What should be copied is the stretch of entries below from the line with "Bomba ABS y" up to and including the line with "Accountant Funny Job", exactly and without images.

● Exercise inputs:
━━━━━━━━━━━━━━━━━━━━

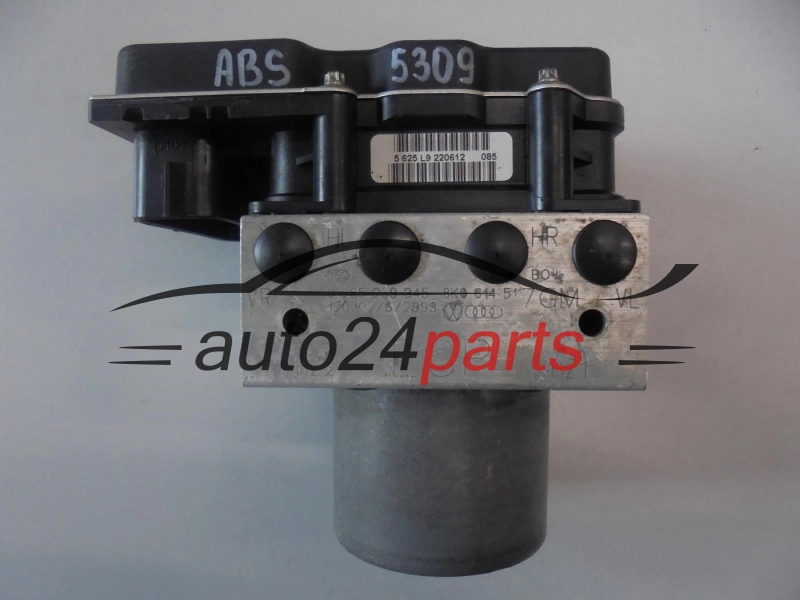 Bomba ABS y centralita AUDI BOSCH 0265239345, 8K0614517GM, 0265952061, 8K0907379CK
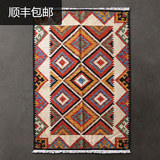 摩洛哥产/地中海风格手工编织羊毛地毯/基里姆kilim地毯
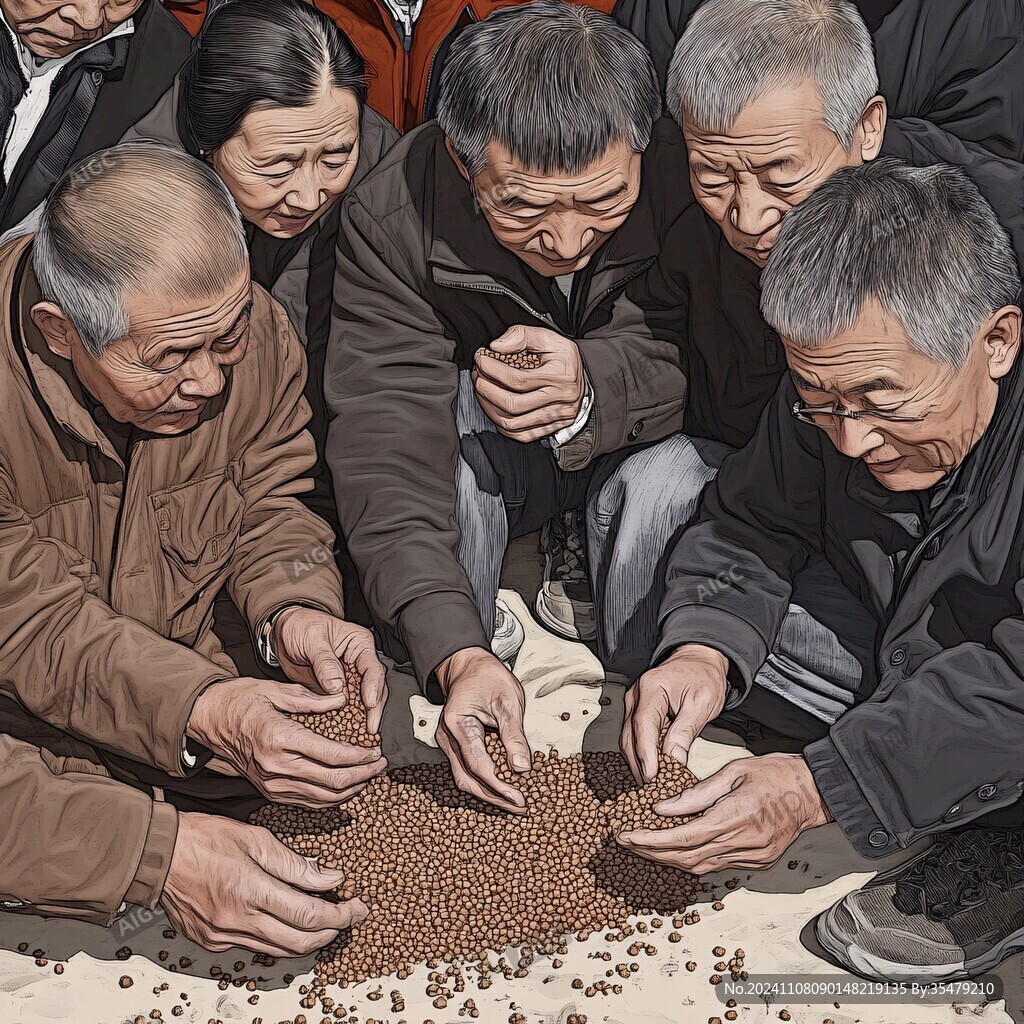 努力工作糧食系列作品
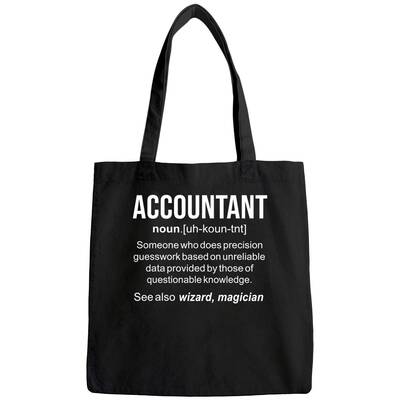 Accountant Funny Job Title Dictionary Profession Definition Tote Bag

━━━━━━━━━━━━━━━━━━━━

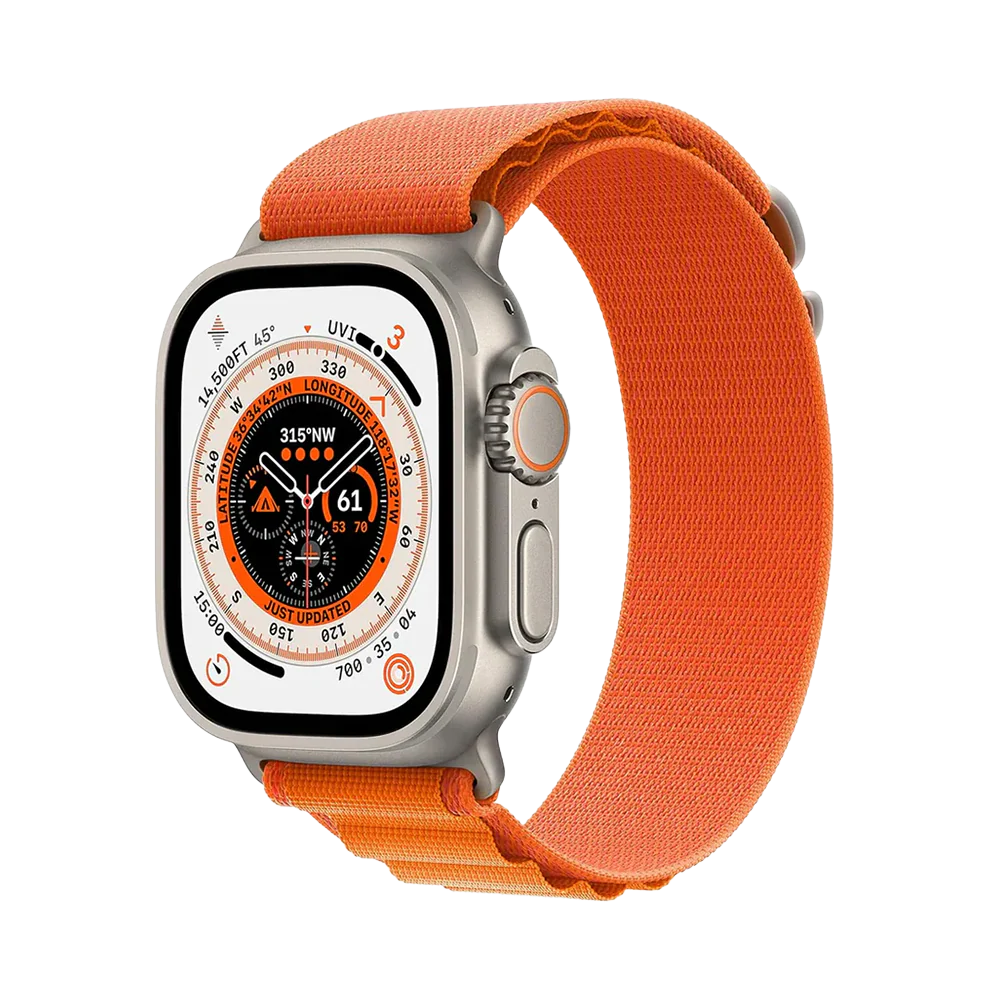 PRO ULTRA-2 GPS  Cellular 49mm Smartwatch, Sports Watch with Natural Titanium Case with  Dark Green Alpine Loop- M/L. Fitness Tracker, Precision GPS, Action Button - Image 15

━━━━━━━━━━━━━━━━━━━━

● Written response:
 Bomba ABS y centralita AUDI BOSCH 0265239345, 8K0614517GM, 0265952061, 8K0907379CK
 摩洛哥产/地中海风格手工编织羊毛地毯/基里姆kilim地毯
 努力工作糧食系列作品
 Accountant Funny Job Title Dictionary Profession Definition Tote Bag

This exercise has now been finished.